Conventionally, operators introduce balls to the wellbore through an auxiliary line, coupled through a valve, to the wellhead. This auxiliary line would be fit with a valved tee or T-configuration connecting the wellhead to a fluid pumping source and to a ball introduction valve. One such conventional apparatus is that as set forth in U.S. Pat. No. 4,132,243 to Kuus. There, same-sized balls are used for sealing perforations and these are fed, one by one, from a stack of identically sized balls held in a (generally) pressurized magazine.
However, the apparatus appears limited to using identically-sized balls in the magazine stack during a particular operation.
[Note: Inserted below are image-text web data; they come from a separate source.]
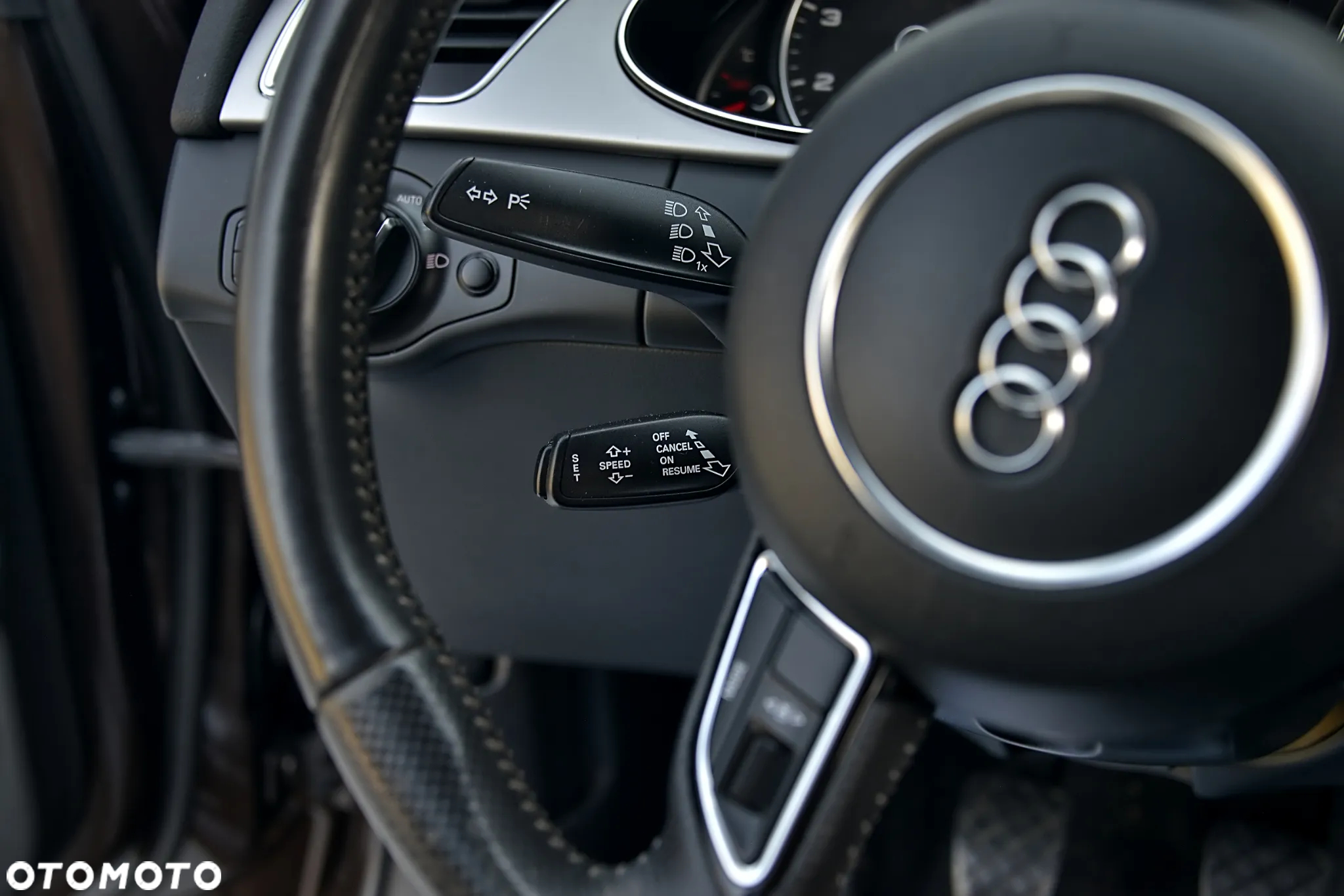 Audi A4 - 38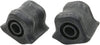 Moog K201482 Sway Bar Frame Bushing, 1 Pack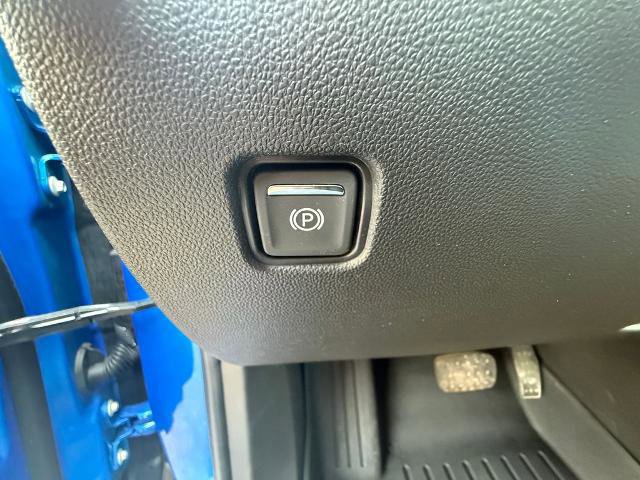 Used 2024 Chevrolet Blazer LT w/ Convenience Package image 33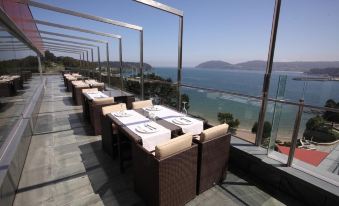 Apartamentos Las Sirenas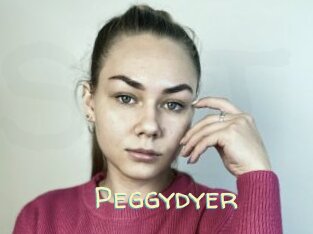 Peggydyer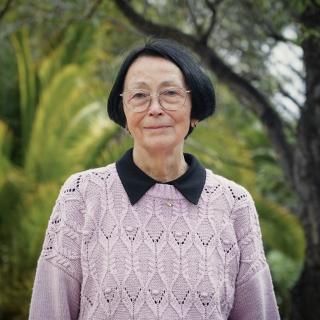 Natalia Shchukina Natalia Shchukina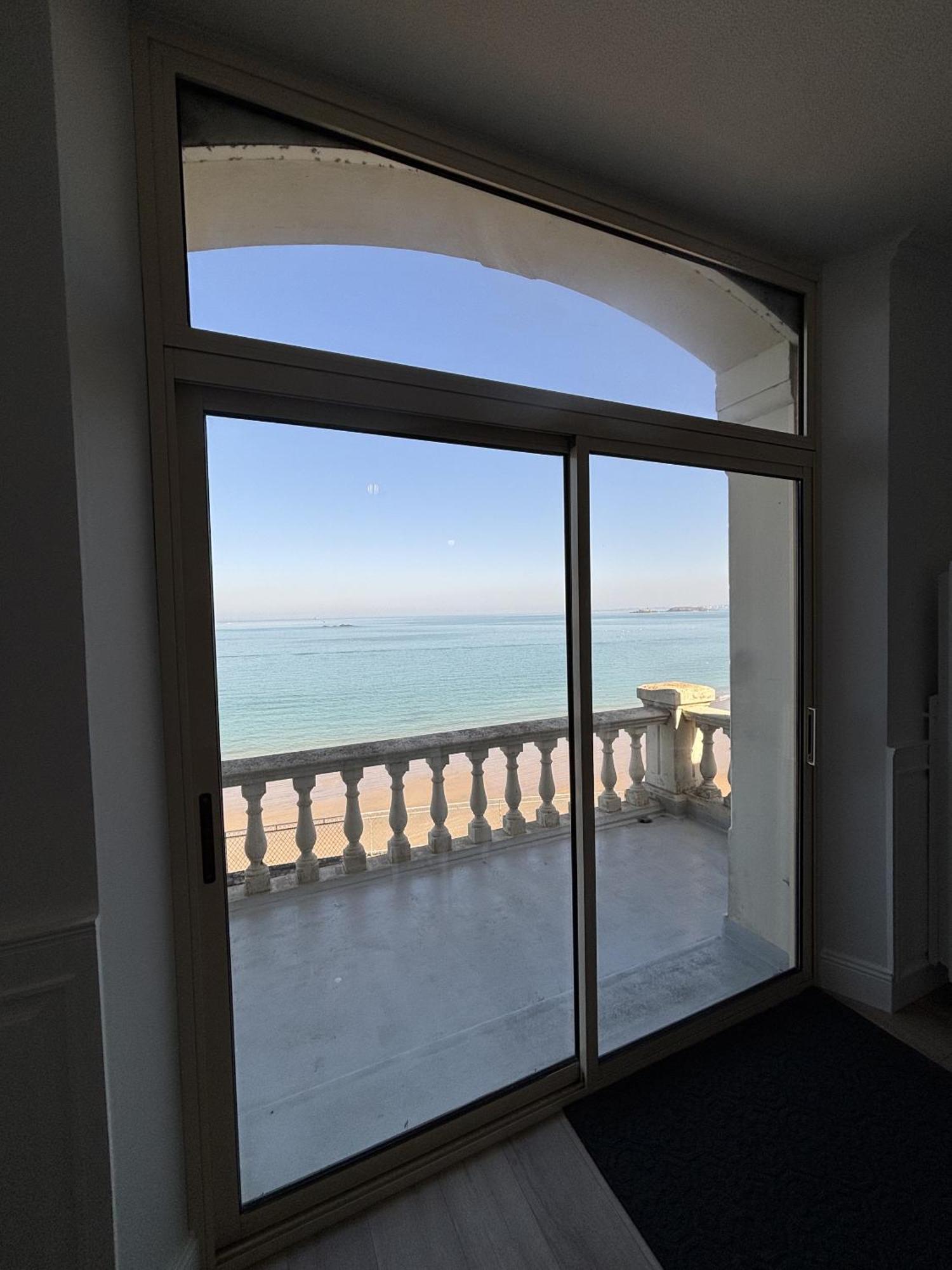 Villa Ker Eole Vue Mer Ντινάρ Δωμάτιο φωτογραφία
To accommodate a set of balls of a different size, however, the apparatus of Kuus requires disassembly, substitution of various components (such as the magazine, ejector and ejector sleeve, which are properly sized for the new set of balls) and then reassembly. The apparatus of Kuus, therefore, cannot accommodate different sized balls during a particular operation, since it is designed to handle only a plurality of same-sized sealer balls at any one time. To use a plurality of different sized balls, in the magazine, will result in jamming of the devices (such as in the ejector sleeve area).
Moreover, the ball retainer springs in Kuus do not appear to be very durable and would also need to be replaced when using a ball of a significantly different size. There is a further concern that the ball retainer springs could also break or come loss and then enter into the wellbore (which is undesirable). Additionally, there is no positive identification whether a ball was successfully indexed or ejected from the stack of balls for injection.
Furthermore, the device of Kuus is oriented so as to have the sealer balls transferred into the magazine by gravity and must therefore utilize a fluid flow line and valved tee through which well treating fluid and sealer balls are subsequently pumped into a wellbore. The device of Kuus, with its peculiar orientations of components, could therefore not be directly aligned with, or supported by, a wellhead.
More recent advance in ball injecting apparatus do feature a housing adapted to be supported by the wellhead. Typically the housing has an axial bore therethrough and is in fluid communication and aligned with the wellbore. This direct aligned connection to the wellhead avoids the conventional manner of introduce balls to the wellbore through an auxiliary fluid flow line (which is then subsequently connected to the wellhead) and the disadvantages associated therewith. Some of these disadvantages, associated with conventional T-connected ball injectors, include requiring personnel to work in close proximity to the treatment lines through which fluid and balls are pumped at high pressures and rates (which is hazardous), having valves malfunctioning and balls becoming stuck and not being pumped downhole and being limited to smaller diameter balls.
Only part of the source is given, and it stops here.